### Task requirements
Your task is to transcribe, word for word, the line containing "Princess House Handblown" and all lines that follow it to the end of the entries. Leave out the pictures.
┄┄┄┄┄┄┄┄┄┄┄┄┄┄┄┄┄┄┄┄
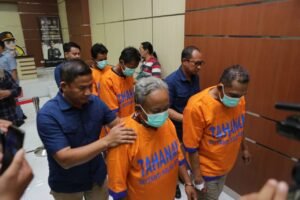 Polda Jatim Tetapkan Tersangka 4 Kades di Bojonegoro Diduga Korupsi Dana BKK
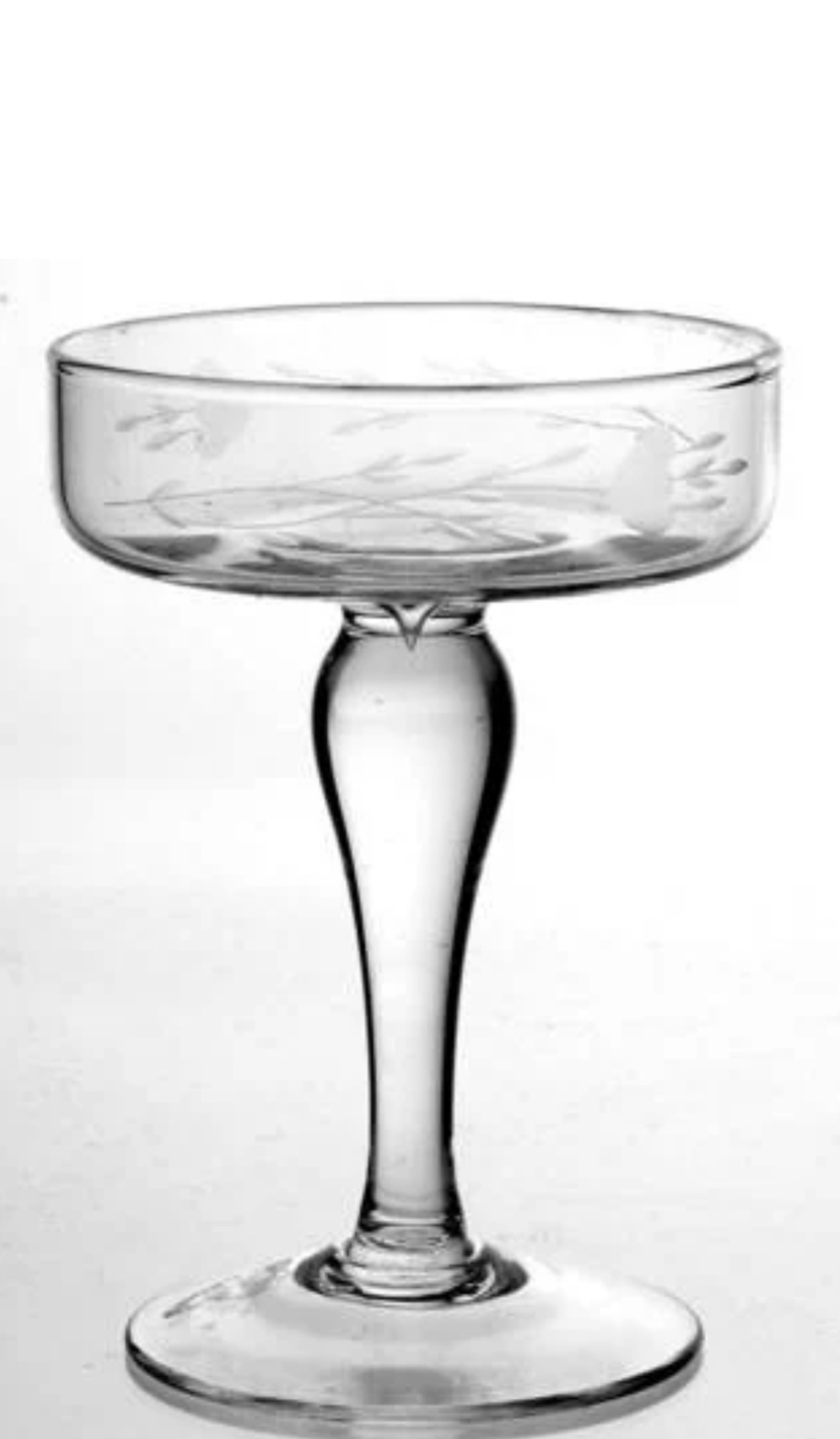 Princess House Handblown Crystal 2 Pc. Pillar Candleholders. image indicator(5)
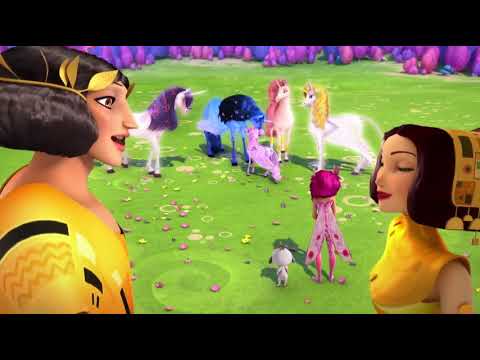 Mia and Me   Season 3 Episode 1   Kyara's Birth |  Part 10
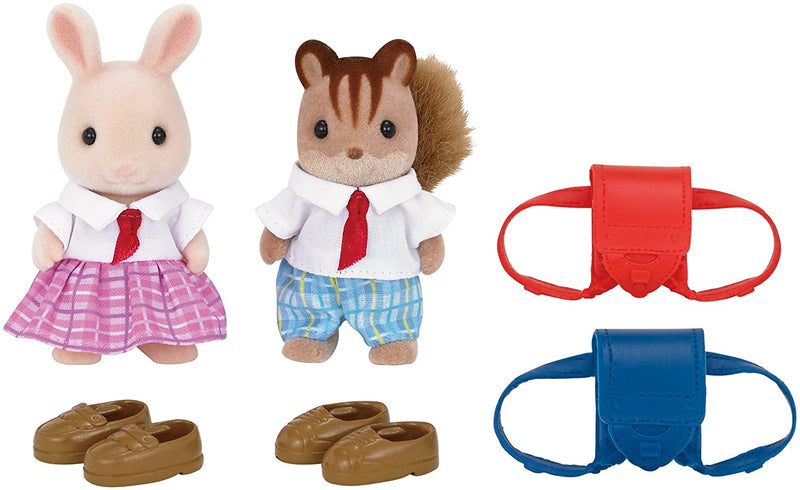 Sylvanian Family School Friends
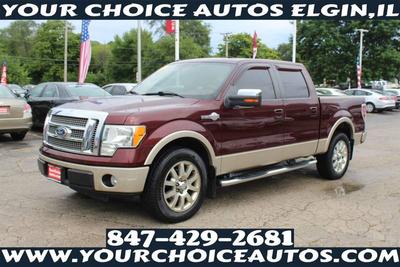 Used 2010 Ford F 150 King Ranch For Sale Near Me Cars Com
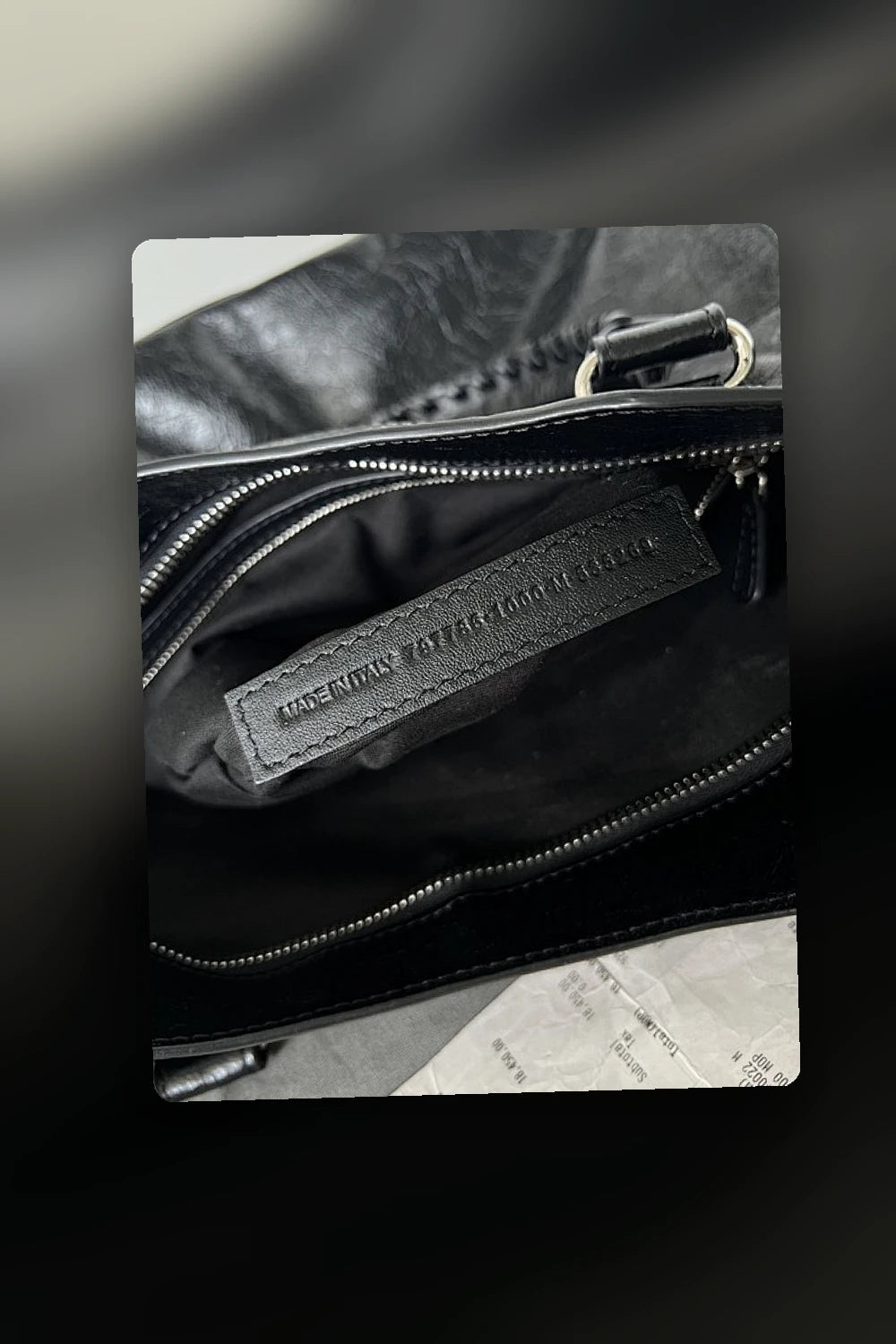 NB - BG Bag - 1868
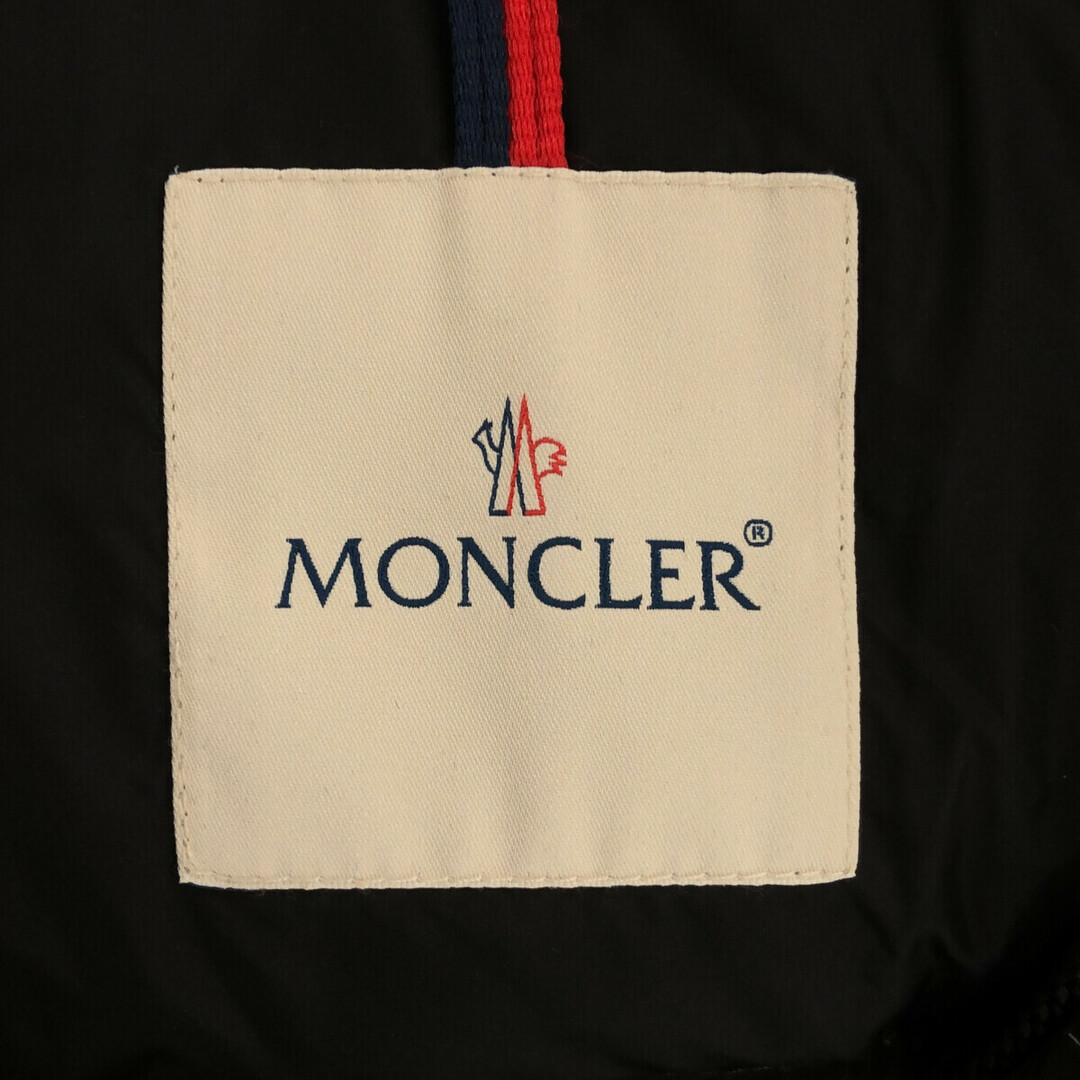 MONCLER(モンクレール)のMONCLER モンクレール 14AW サイズ10Y BADY GIUBBOTTO 42953632205 QIND-14-1108 ダウンジャケット アウター 厚手 KIDS キッズ/ベビー/マタニティのキッズ服男の子用(90cm~)(ジャケット/上着)の商品写真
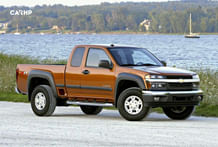 2011 Chevrolet Colorado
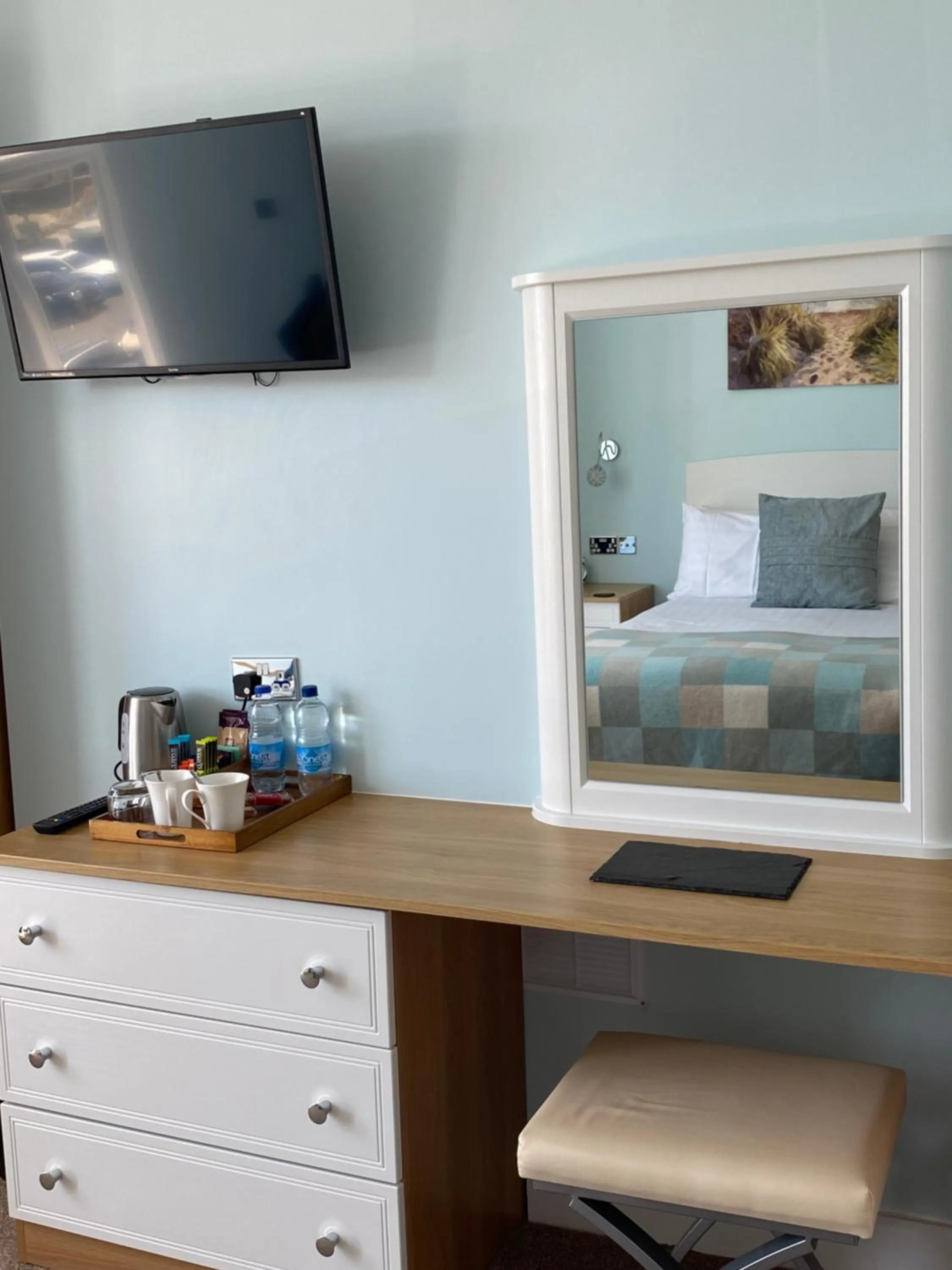 Property building in Oceandrive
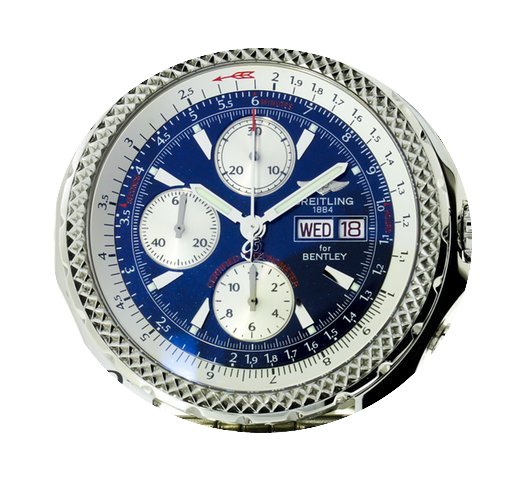Breitling Bentley GT Chronograph Stahl A...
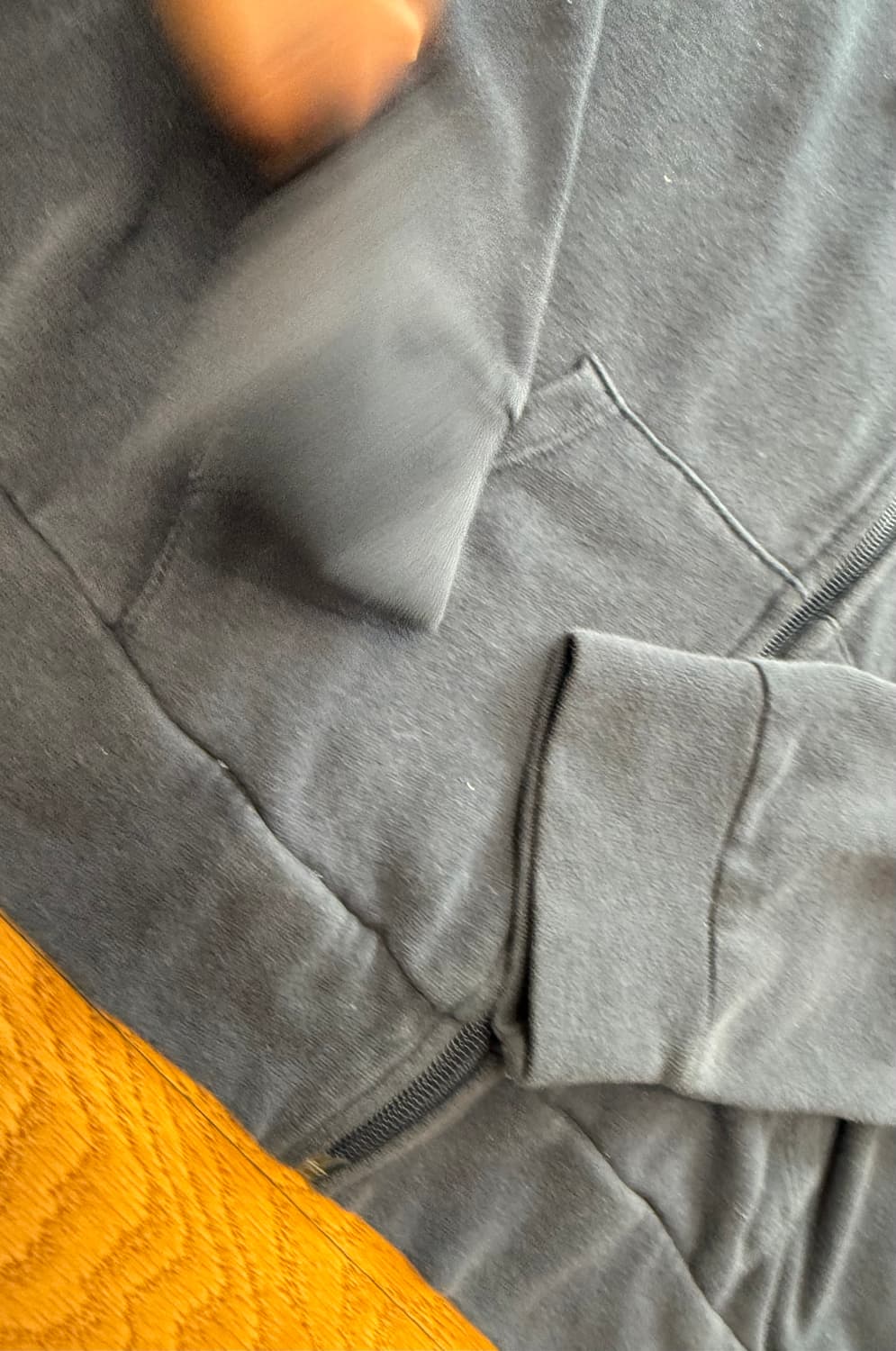 홀리스터 남색L 상품이미지3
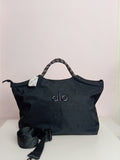 Alo tote bag in black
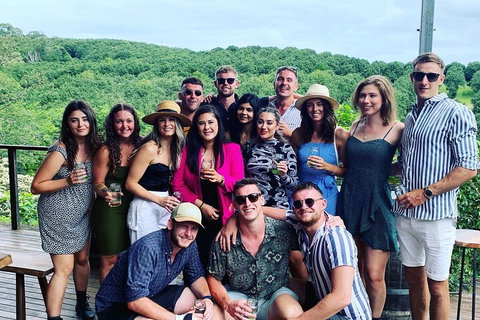 Afternoon Brewery And Distillery Session - VIC Tourism 5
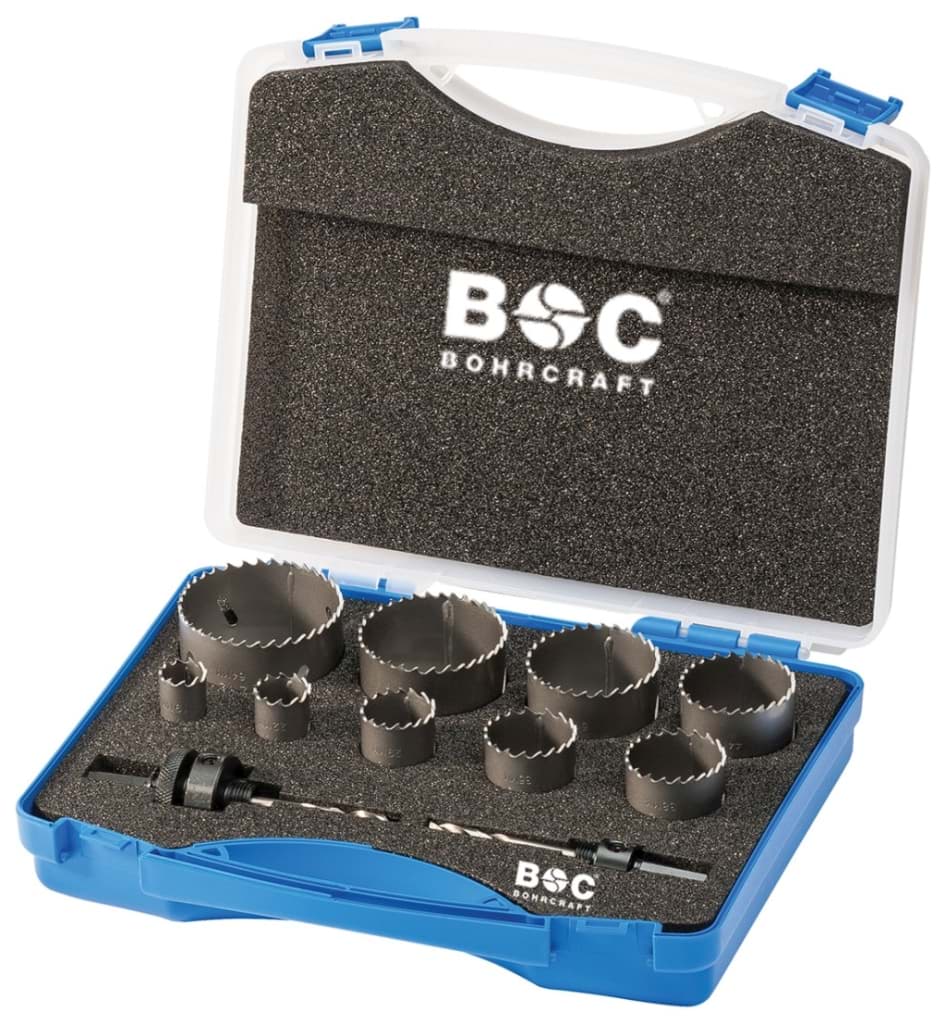 Bild für Kategorie Lochsägen-Sortimente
┄┄┄┄┄┄┄┄┄┄┄┄┄┄┄┄┄┄┄┄
### Solution below
 Princess House Handblown Crystal 2 Pc. Pillar Candleholders. image indicator(5)
 Mia and Me   Season 3 Episode 1   Kyara's Birth |  Part 10
 Sylvanian Family School Friends
 Used 2010 Ford F 150 King Ranch For Sale Near Me Cars Com
 NB - BG Bag - 1868
 MONCLER(モンクレール)のMONCLER モンクレール 14AW サイズ10Y BADY GIUBBOTTO 42953632205 QIND-14-1108 ダウンジャケット アウター 厚手 KIDS キッズ/ベビー/マタニティのキッズ服男の子用(90cm~)(ジャケット/上着)の商品写真
 2011 Chevrolet Colorado
 Property building in Oceandrive
Breitling Bentley GT Chronograph Stahl A...
 홀리스터 남색L 상품이미지3
 Alo tote bag in black
 Afternoon Brewery And Distillery Session - VIC Tourism 5
 Bild für Kategorie Lochsägen-Sortimente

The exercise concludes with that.